There was a toddler at my house. What wonder.
I arrived home from work on Tuesday, and she was there already, her hair tight-curled into a baby Afro–America’s newest Shirley Temple–star of the show.
She was playing in the basement with my parents, on a cart my mother bought her. If she sits on it, she should be able to propel it forward with her toddler-legs, which still maintain the excellent and prized fat-roll on the thigh (but I saw that the legs are stretching longer, too). Anyway, she hasn’t discovered the forward-propel yet, so she scoots backwards until she hits a wall and someone flips her in a new direction. So we played together, too.
On Wednesday morning she woke up at 5 a.m. Why not? For there is life to be lived.
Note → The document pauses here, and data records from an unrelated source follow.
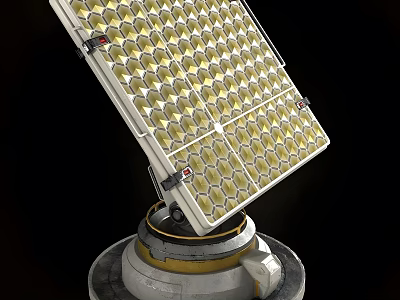 Industrial Equipment With Hexagonal Honeycomb Panel And Circular Base Design 3d model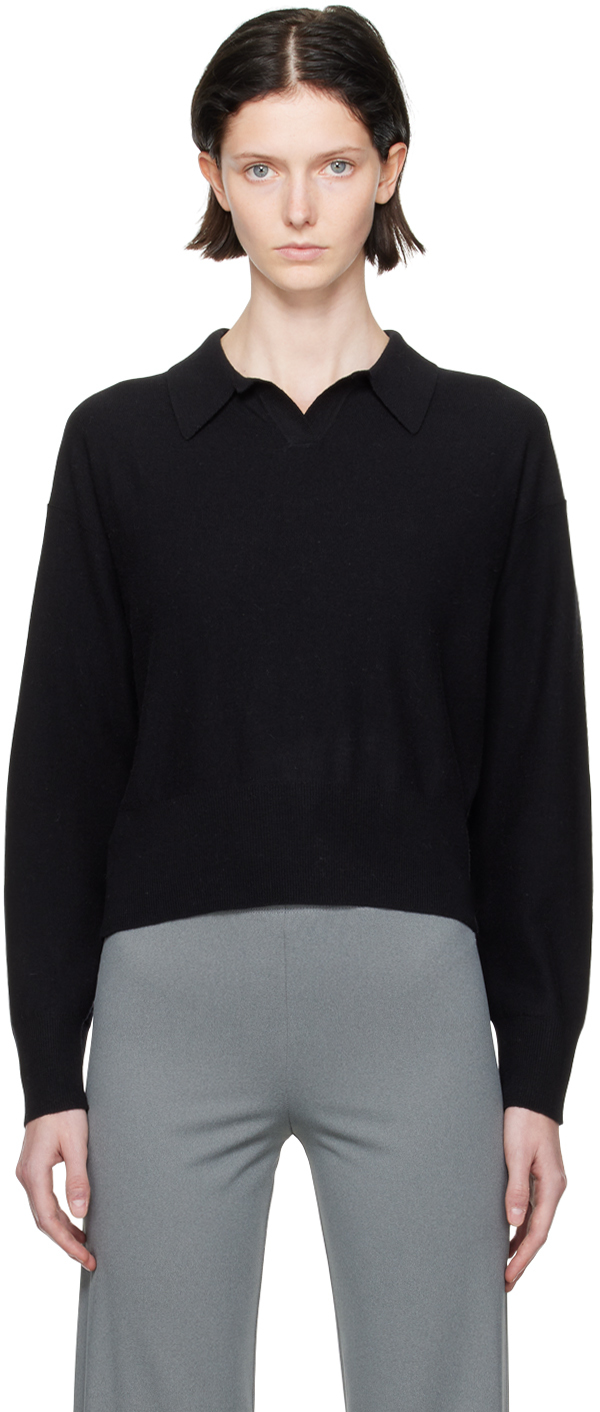 Black Spread Collar Polo by Maryam Nassir Zadeh on Sale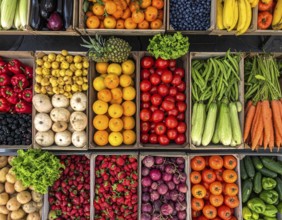 Fresh fruits and vegetables in a market display, aerial view perpendicular top down, healthy eating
A bit later, I took her on a morning run, me in running shoes, her in p.j.’s, riding in the stroller.
I turned on some music for my phone, and put it in the cup holder on the stroller. I started with a baby song, got bored, and flipped to Motown.
It was what the doctor ordered.
This baby.
Music, to her, is like rich air. When she inhales it, she becomes more alive. She turned around in her seat to face me for a bit. I sang her a line. She turned around, facing forward, and started BELTING Motown for the sleepy neighborhoods we passed through.
She doesn’t have words yet. She doesn’t quite have tunes yet. But, she has soul. She has it deeper and wider than even seems logical for a human just the height of my knees.
And she sang. I ran, and she sang loud and proud. How does she know, already, how to thrill and flair her notes? To belt with confidence? To reach deep, deep into her being and share herself and her art with these tired houses? Did she hear a song once that inspired her? Or is it just inherent?
We passed an older man, near his car. He stared at her. I said, “She’s actually singing…”
And he laughed and called out to her.
When we got home, I lifted her out of her stroller, showered, went to work.
But it was my favorite part of the whole day.